= Beginning of Section =

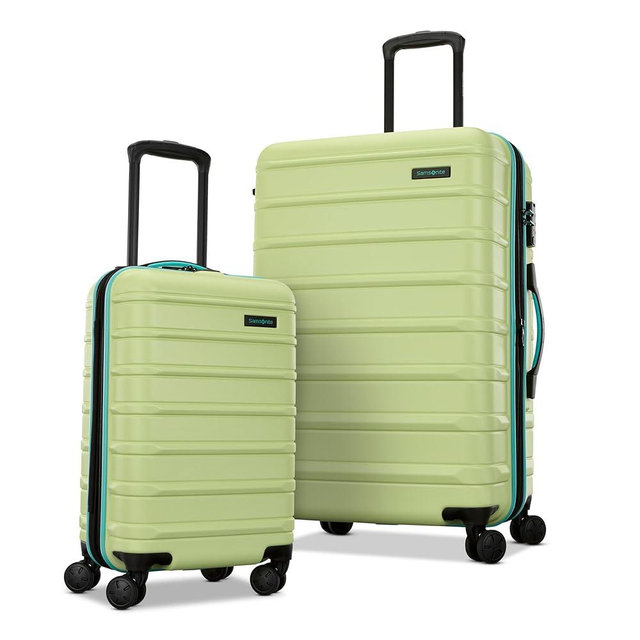 Samsonite Omni 2 Hardside Expandable Luggage with Spinner Wheels, 2-Piece Set (19/24), Frozen Matcha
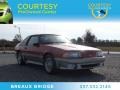 Wild Strawberry Metallic 1990 Ford Mustang GT Coupe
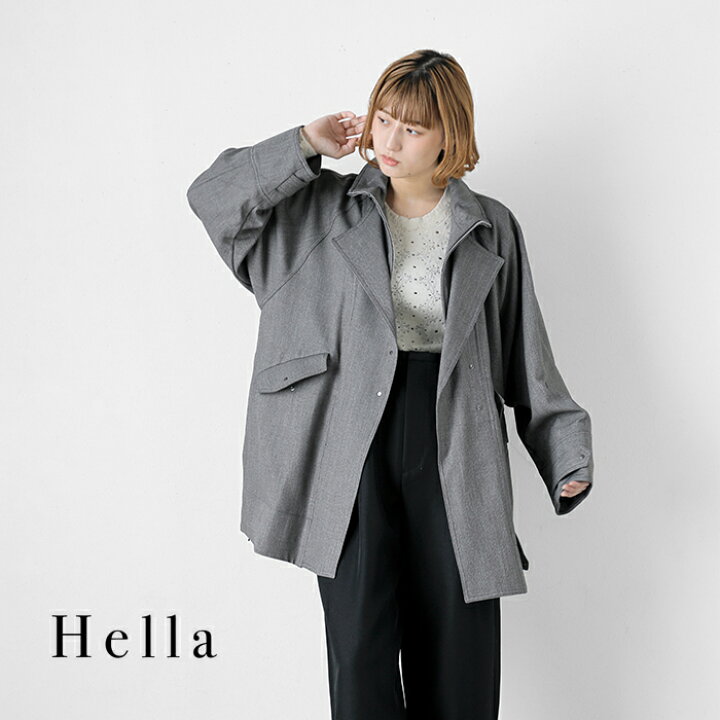 HELLA】FRONT LAYERD MILITARY CO チャコールグレー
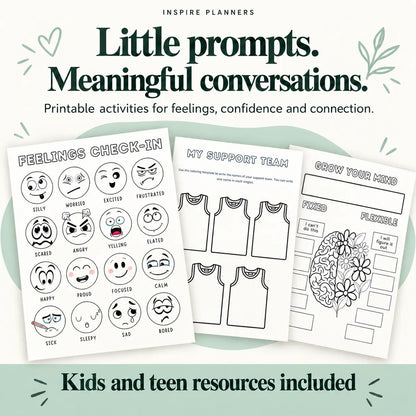 Whole Shop Mega Bundle — Mental Health Printables (English)
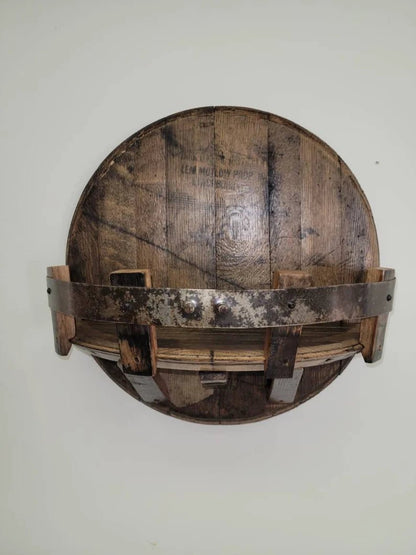 Bourbon Whiskey Barrel Head Shelf, Free Shipping, Made in the U.S.A. - 1st Choice Furniture Direct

= End of Section =

> PROBLEM: All of the data must be set down exactly, with no pictures included.

> EXERCISE RESULT:
 Samsonite Omni 2 Hardside Expandable Luggage with Spinner Wheels, 2-Piece Set (19/24), Frozen Matcha
 Wild Strawberry Metallic 1990 Ford Mustang GT Coupe
 HELLA】FRONT LAYERD MILITARY CO チャコールグレー
 Whole Shop Mega Bundle — Mental Health Printables (English)
 Bourbon Whiskey Barrel Head Shelf, Free Shipping, Made in the U.S.A. - 1st Choice Furniture Direct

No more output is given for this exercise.